TV and digital have been on a collision course for years, but they are finally meeting head-on. TV advertisers are buying networks’ streaming video (OTT) inventory. Digital advertisers are investing in addressable TV. And both are converging within connected TV. However, the increasing parity between TV and digital is not without its headaches, as advertisers on either side try to understand the ongoing merger of the two channels. Brand and agency execs gathered at Digiday’s Future of TV Summit in Palm Springs, California, to discuss the opportunities and challenges as the future of TV advertising draws closer.

What we learned:
The future of TV demands a dictionary
What are we talking about when we talk about the future of TV? No one is really sure. Terms like OTT and connected TV are often used interchangeably, even though OTT refers to a method of delivering content (via the internet) and connected TV refers to a device to which that content is delivered (via an internet-connected device hooked up or built into a TV). Addressability is another confusing term. Some define it broadly as targeted advertising, but its truer definition is targeting ads at the household level. This linguistic limbo may seem inconsequential, but a lack of lingua franca can introduce or reinforce barriers and curtail investment.

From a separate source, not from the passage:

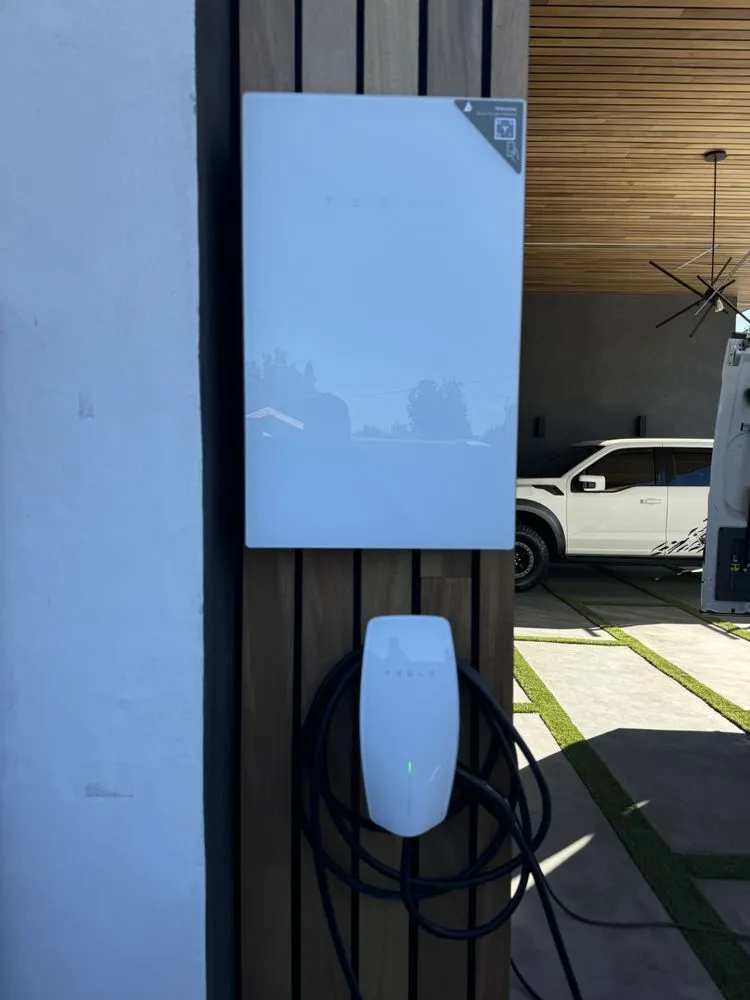 Slide of Rizzo Electric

  • The TV and digital video ad industry is overrun with ill-defined jargon that can overcomplicate an already complex marketplace.
  • This language barrier can obscure advertisers’ understanding of emerging opportunities like OTT and addressable TV to the point of impeding investment.

Bottom line: As TV and digital converge within connected TV, the industry needs to establish a baseline of terms to aid education and avoid ad dollars being lost in translation.